If you ever trained a model, you sometimes can see DataLoader (e.g. I am using pytorch Dataloader) could be the bottleneck because everytime you get an training sample from the dataset, the data transformation will be performed on-the-fly. Here I take the getitem func of DatasetFolder from torchvision.datasets as an example.
path, target = self.samples[index]
sample = self.loader(path)
if self.transform is not None:
sample = self.transform(sample)
if self.target_transform is not None:
target = self.target_transform(target)
return sample, target
I wonder can we pre-processed the images (e.g. ImageNet) in advance to tensors and save to disk. Then we modify the __getitem__ function to get these tensors directly from disk. How efficient is this approach? Anyone has tried this solution before?
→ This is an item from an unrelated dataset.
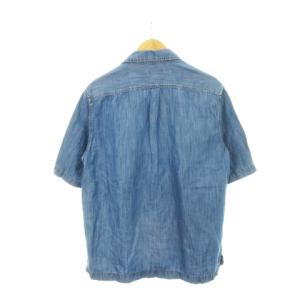 DIESEL デニムシャツ ダンガリー オープンカラー 半袖 リネン 麻混 XL 青 ブルー /AH3 GY17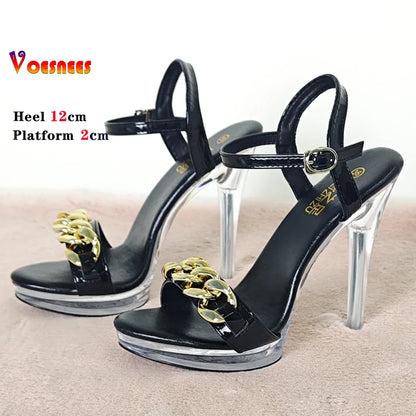 Transparent Slippers Ladies Clear PVC High Heeled Slippers Open Toe Daily Woman Sandals 12cm Sexy Show Crystal Shoes High Heels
I think that maybe the loading from disk will burden and likely become a new bottleneck (instead of data transform we have before). Another thing is the size, for example, one ImageNet image takes 74 MB when being saved as tensors using standard transformation:
I think you are spot-on here. In my experience, decoding image files often is much faster than than the time it takes to load uncompressed images from disk.
That said, you might loom into pre-resizing to a comon (maybe a bit larger than the final) size, save as images, and just do ToTensor in the dataset and anything else on the GPU. That can give great speedups.